Hello gentle people:  I haven't used a Mac since the classic, I recently inherited a Performa 6360 from a friend who left no will or instructions fot the distribution of his estate.  I would like to search his Mac and see if he left anything there, but when I turn on the system all I get is an Icon in the center of the screen (a floppy with a 0 in the top and a ? in the bottom) I have tried inserting several of the disks he had left (someone had removed several hundred from his home including any system disks) but all are immediately ejected.
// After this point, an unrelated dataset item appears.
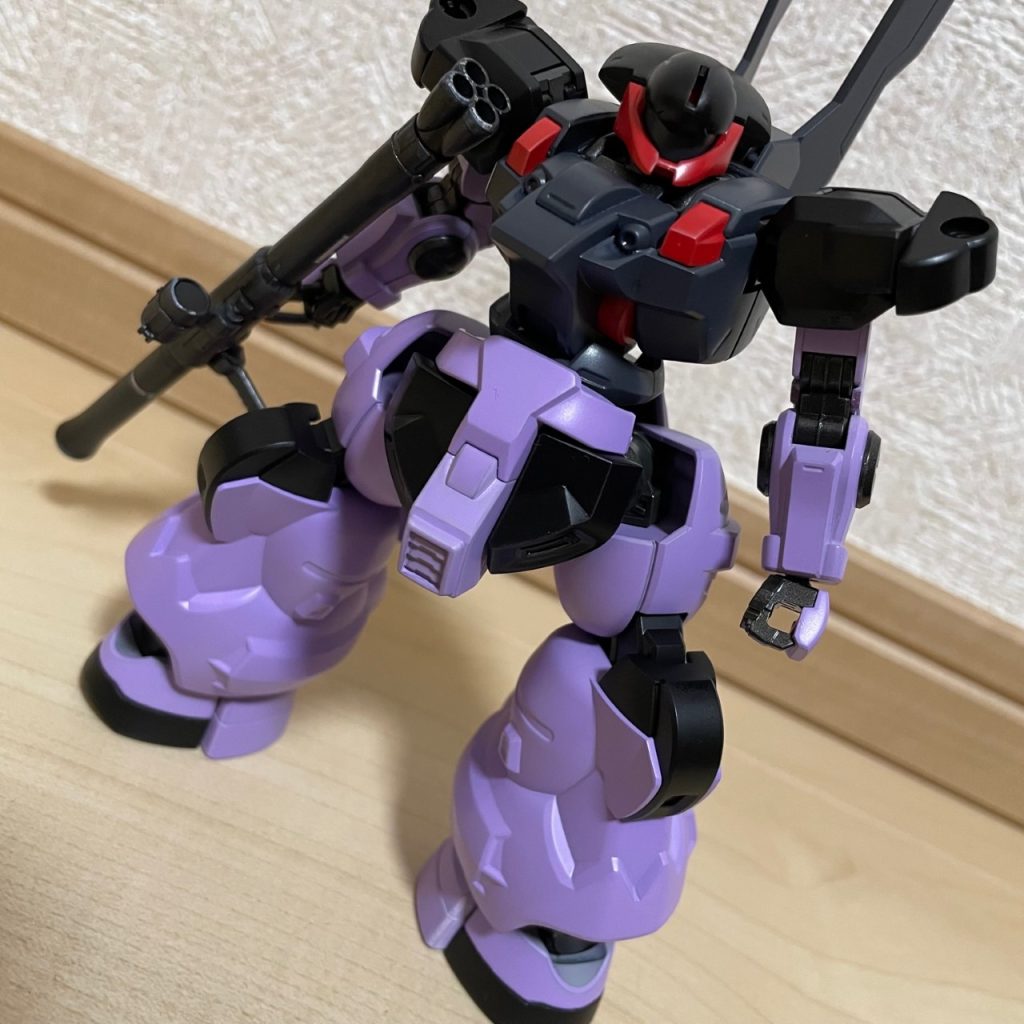 ベース塗装完了時点でもう…カッコよくなる気がしねぇ。それでも、汚せばなんとかなるかとの甘い読みでリスタートする。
As you can tell, I am a "babe in the woods" and need some advice.
  I appreciate your time and consideration.
My e-mail is dougreardn@mindspring.com, I do have spamblocker so it may be a day before I can respond.
Thanks
Doug


----------



## sinclair_tm (Jan 24, 2006)

you'll need to find some mac system 7.5.3 floppies, or mac os 8 on cd.  sounds like it can't find an installed system.  you could try ebay, but other then that, it's hard to find.  you can download 7.5.3 from apple, scroll down to where it says "Macintosh/System/Older_System/System_7.5_Version_7.5.3/System_7.5.3_01of19.smi.bin" and get all 19 parts.  but unless you do it on another mac w/a cd burner, its not going to help you.


----------



## powermac (Jan 24, 2006)

If you elect to download & burn system 7 from Apple, burn in one of the slowest speeds. Having done this myself, only to learn that if you burn the CD faster than the Performa can read it, you find yourself doing it all over again.


----------



## dougreardon (Jan 24, 2006)

Thanks Sinclair TM and Powermac, that's what I figgured, but had hoped there was some key combo that would force it to load from the hard disk.  I'll check out e-bay.  
 I appreciate the feedback!


----------



## OBcecado (Sep 6, 2006)

Hello.
I'd like to ask one thing, I've downloaded all floppies from apple's mirror.
But since i don't have access to any other mac, is it possible for me to write all those images to floppies ?
My machine is a quadra 800 with a 500mb disk.
@powermac: Is there such iso with system 7.5.3 on cd ? If so is there a way to get it legitimally ?


Thanks in advance.

Greetings from Portugal.


----------



## sinclair_tm (Sep 6, 2006)

did you download them on a mac?  as far as copying them to floppies, if i remember right, apple's 7.5.3 free installer is cd only.


----------



## OBcecado (Sep 6, 2006)

Hello again, thanks for the fast reply.
No i did not download them on a mac.
I do not have any access to macs currently as i have *only* that mac, which disk is currently unusable.
What exactly do the floppies contain ? the cd iso ?
If that's so after burning the iso to a cd would allow me to install the OS to the disk ?
Sorry for all these questions, but i have no other place to ask them.

Greetz from Portugal


----------



## bobw (Sep 7, 2006)

How can I get an OS on a Mac using only my PC


----------



## OBcecado (Sep 7, 2006)

Hi.
I'm following the guide you posted above, and it works, the floppy boots the mac, but i can't find the partition software, anywhere on that disk, how can i do such thing ?
The following is written on the guide:
Use the Apple HD SC utility on the boot disk to re-initialise your hard disk, if present.
What if it's not preset ?
Thanks in advance.


----------